In a time when respectable, often stodgy period films are dominating the end of year awards season, it's good to see adventurous filmmakers giving the genre a kick in the pants. Two films which did so particularly well last year were Tristram Shandy: A Cock and Bull Story and Gabrielle. While Shandy takes its inspiration from Laurence Sterne's legendary yet rarely read literary classic, the novel serves largely as a jumping-off point. Director Michael Winterbottom wisely avoids straightforward adaptation, instead making a film about a film crew adapting Shandy for the big screen, starring Steve Coogan. The form of the film feels like a more manic Day for Night, but in terms of tone it's best described as Airplane! for humanities majors- full of references to literature and classic cinema (everything from 8 1/2 to Fassbinder to, most memorably, Lancelot du Lac), and above all hilarious. In its strange way, Shandy serves as an illustration of the difference between the media of literature and film, not only the processes of creating them, but just as importantly the expectations we have of them. Plus, as Winterbottom surrogate Jeremy Northam says in the film, "it's funny. Isn't that enough?" There are so few cinematic adaptations of great books that work in movie form, but even fewer have Steve Coogan dropping a hot chestnut down his pants.

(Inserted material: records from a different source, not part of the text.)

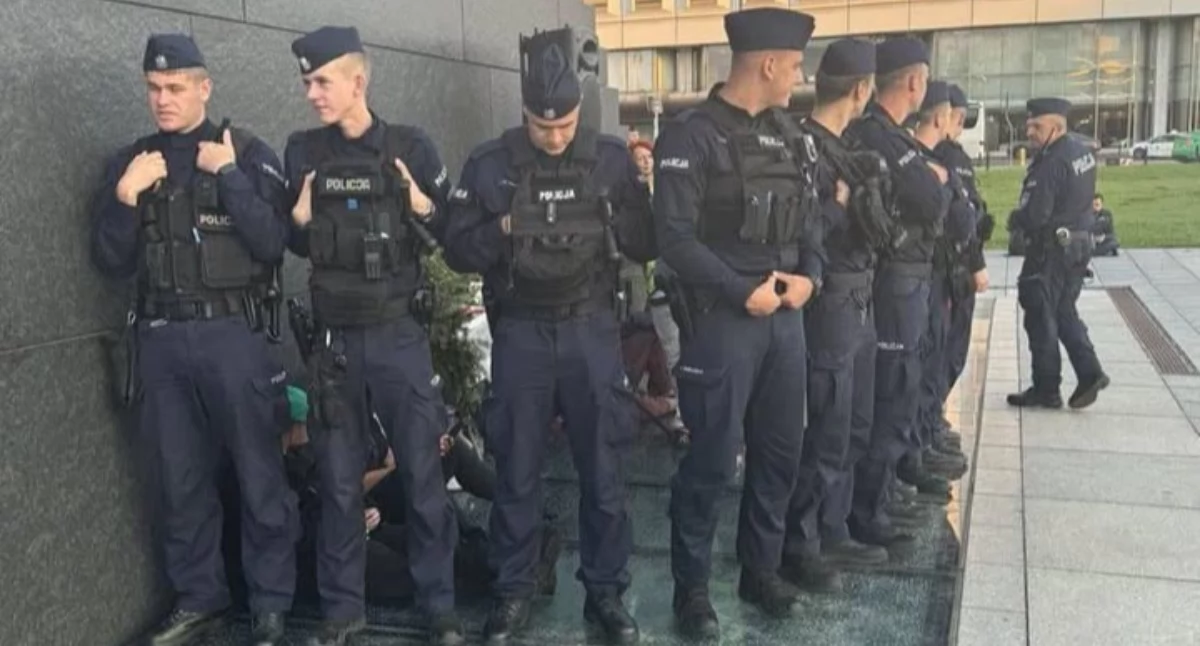 Policja chroni wieńce antypisowskie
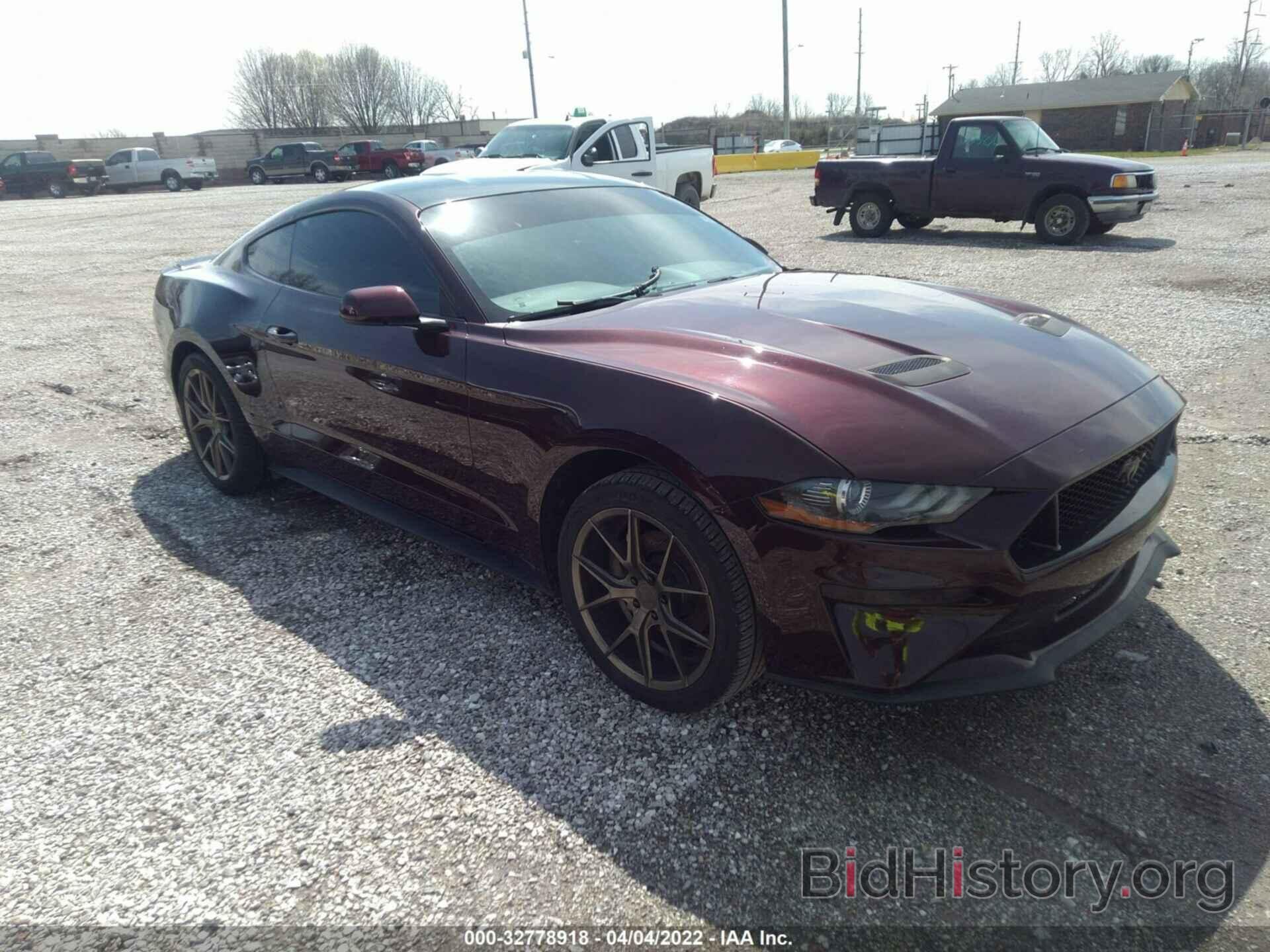 Photo 1FA6P8TH4J5104524 - FORD MUSTANG 2018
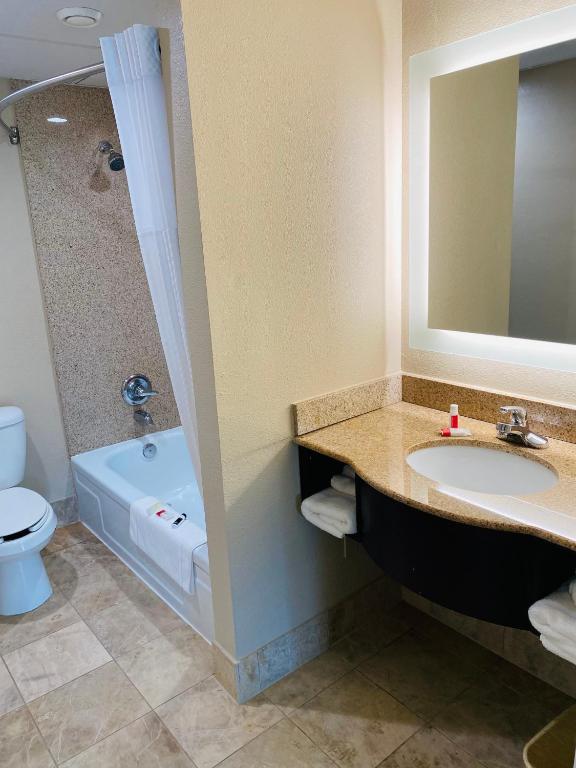 Super 8 by Wyndham Danville - Quarto King - Não Fumador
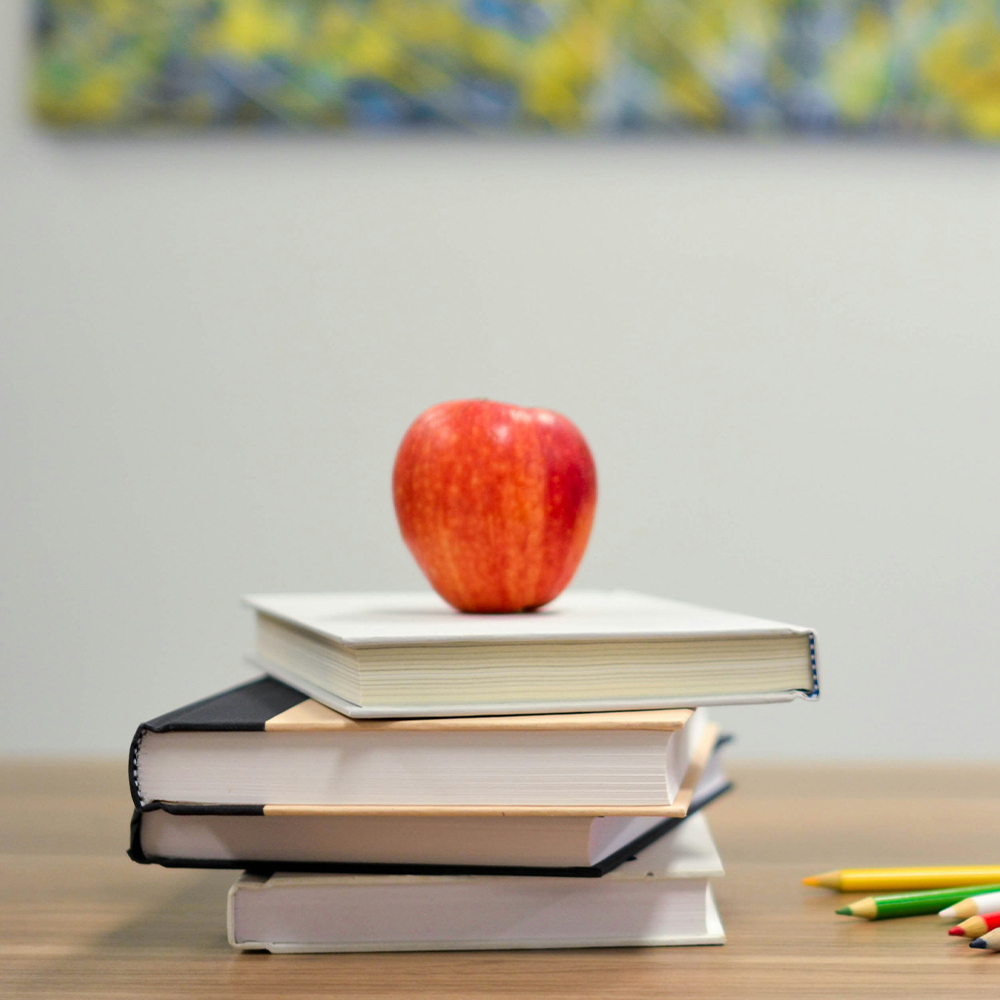 QueenStreetShop's tweet photo. If you're looking for the perfect gift to say thank you to a teacher, look no further than #FHindsJewellers at #QueenStreet #Darlington 🍎 
They've got the perfect gift to suit most budgets, see the full range in-store.
#LoveDarlo https://t.co/7wZmIWeDMP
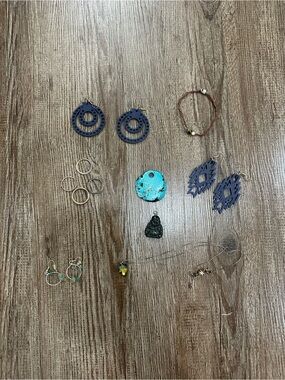 Jewelry Bundle-Women Jewelry-Earrings-Rings-Bracelet-Pendants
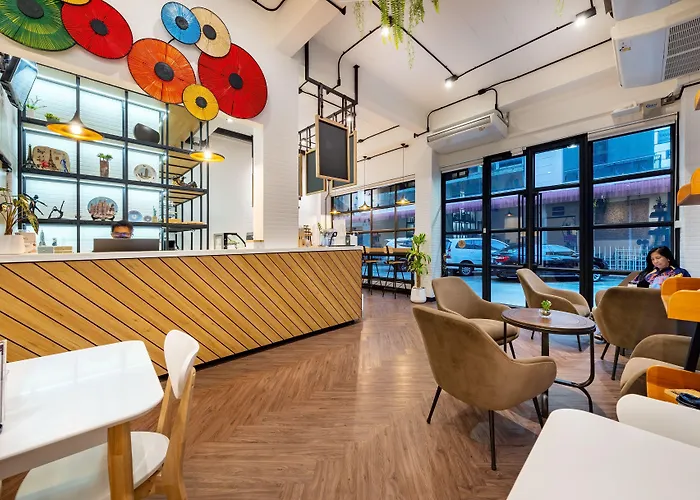 Siam Subway And Cafe Hostel
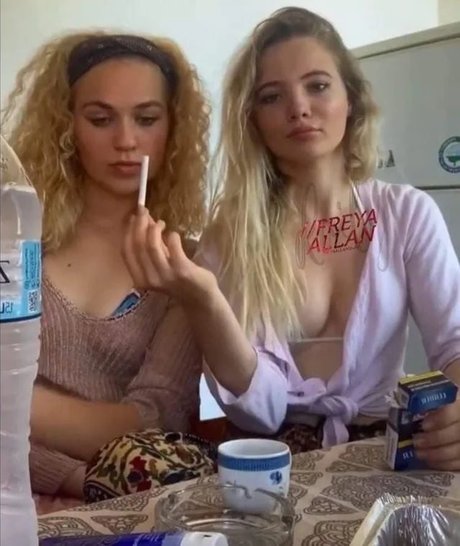 Freya Allan nacktheit heiße foto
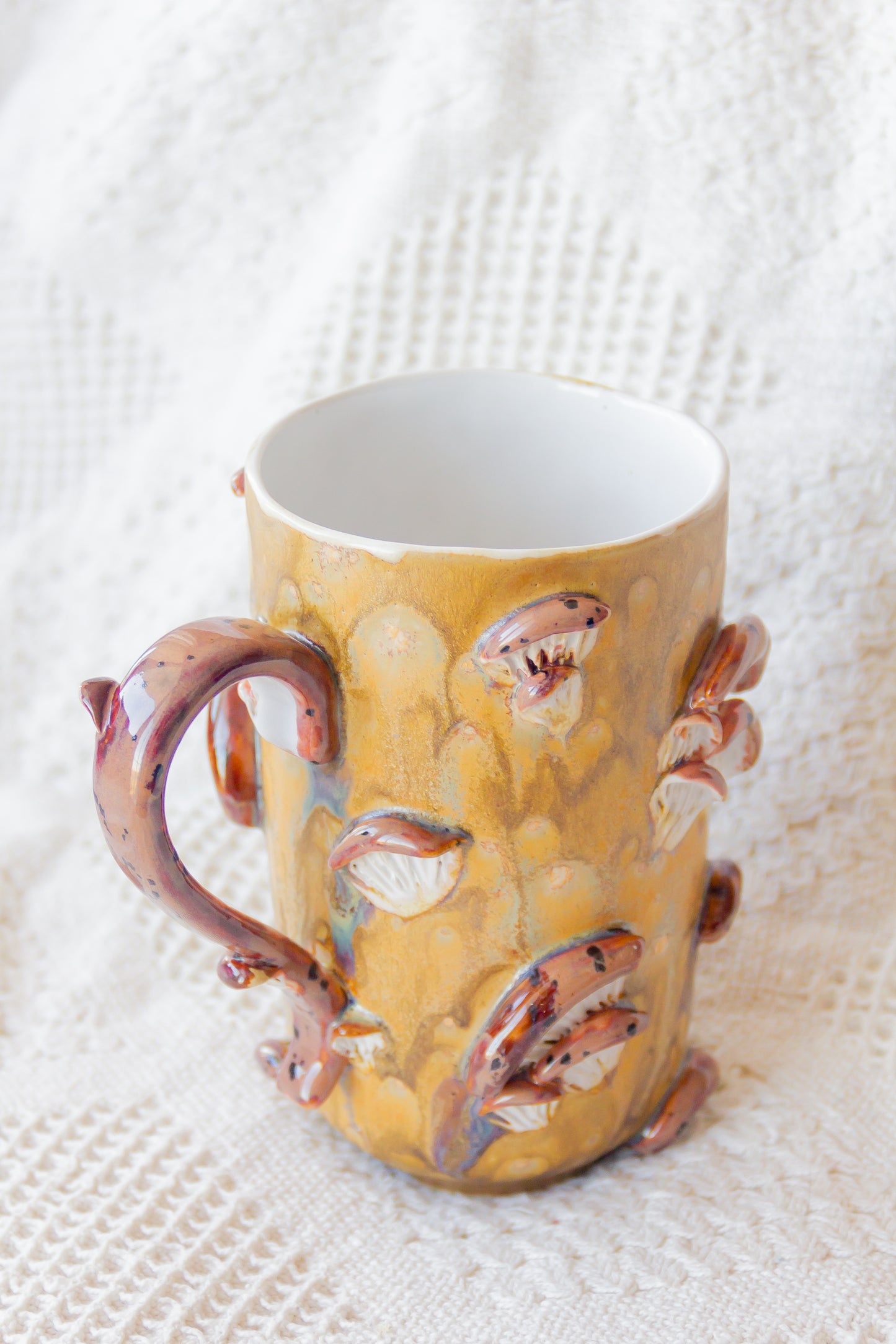 Kubek ceramiczny “Shrooms” beżowo-brązowy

Gabrielle, on the other hand, is as brutal as Shandy is funny- and that's pretty brutal. Adapting Henry James' story The Return, director Patrice Chéreau tells the story of the fallout from a wife's attempts to escape her loveless marriage. While Jean (Pascal Greggory) is content to love his wife dispassionately, his wife Gabrielle (Isabelle Huppert) resists the ossification of their marriage, and her sudden decision to leave stirs up emotions that she hasn't felt in years, as well as feelings her husband isn't willing or ready to deal with. Gabrielle is essentially a two-hander between its stars, and with Chéreau's firm guidance they turn the story into scintillating drama, lending both heated arguments and simple gestures a real, and rare urgency. In addition, Chéreau breaks free from the constraints of period-film convention, switching between black and white and color at various points during the film, and even filling the screen with large, boldfaced text in several pivotal scenes. But for all the stylistic flourishes on display, it never feels like dicking around, but works as a visual equivalent to the passion unleashed by the story. It's a credit to all involved that the film's final revelation is both surprising and inevitable.